Clustering Complex Zeros of Triangular Systems of Polynomials

TL;DR

This paper introduces the first algorithm for clustering complex zeros of triangular polynomial systems within a specified region, leveraging recent univariate root clustering methods, and demonstrates its effectiveness through implementation and comparison with existing solvers.

Contribution

It presents a novel, certified subdivision-based algorithm for clustering zeros of multivariate polynomial systems, extending univariate root clustering techniques to higher dimensions.

Findings

Algorithm is correct and reliable.

Often faster than existing homotopy solvers.

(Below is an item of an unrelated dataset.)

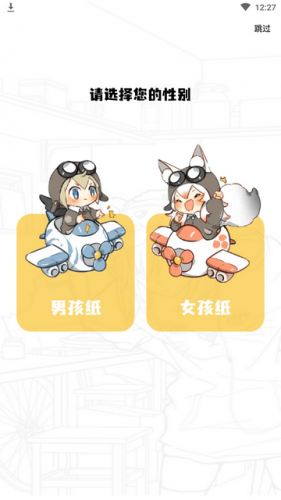 比熊漫画app官方版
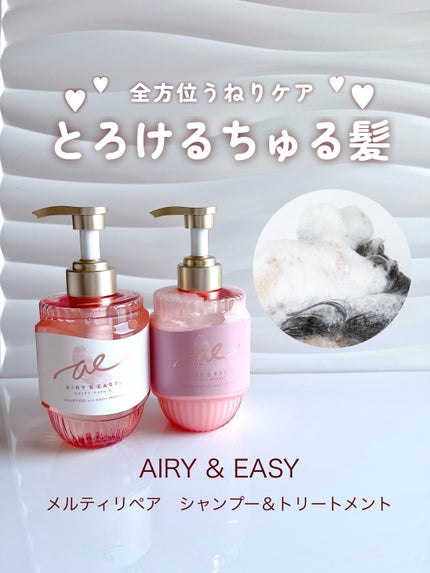エアリー&イージー メルティリペア シャンプー/トリートメント/エアリー&イージー/市販シャンプーを使ったクチコミ(1枚目)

Effective in practical experiments.

Abstract

This paper gives the first algorithm for finding a set of natural $\epsilon$-clusters of complex zeros of a triangular system of polynomials within a given polybox in $\mathbb{C}^n$, for any given $\epsilon>0$. Our algorithm is based on a recent near-optimal algorithm of Becker et al (2016) for clustering the complex roots of a univariate polynomial where the coefficients are represented by number oracles. Our algorithm is numeric, certified and based on subdivision. We implemented it and compared it with two well-known homotopy solvers on various triangular systems. Our solver always gives correct answers, is often faster than the homotopy solver that often gives correct answers, and sometimes faster than the one that gives sometimes correct results.